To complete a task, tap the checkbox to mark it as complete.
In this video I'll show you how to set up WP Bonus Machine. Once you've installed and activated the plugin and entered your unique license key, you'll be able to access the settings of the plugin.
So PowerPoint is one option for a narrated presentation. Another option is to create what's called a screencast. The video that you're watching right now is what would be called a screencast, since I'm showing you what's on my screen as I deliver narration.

⁂

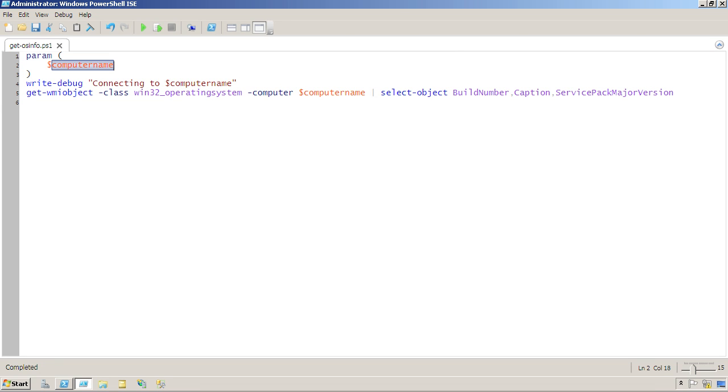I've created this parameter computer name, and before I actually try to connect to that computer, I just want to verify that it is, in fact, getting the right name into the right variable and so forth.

⁂

REQUIREMENT:
In the listing above, the lines from the one containing "To complete a" through the one containing "In this video" must be set down exactly, with no other lines.

TASK SOLUTION:
To complete a task, tap the checkbox to mark it as complete.
In this video I'll show you how to set up WP Bonus Machine. Once you've installed and activated the plugin and entered your unique license key, you'll be able to access the settings of the plugin.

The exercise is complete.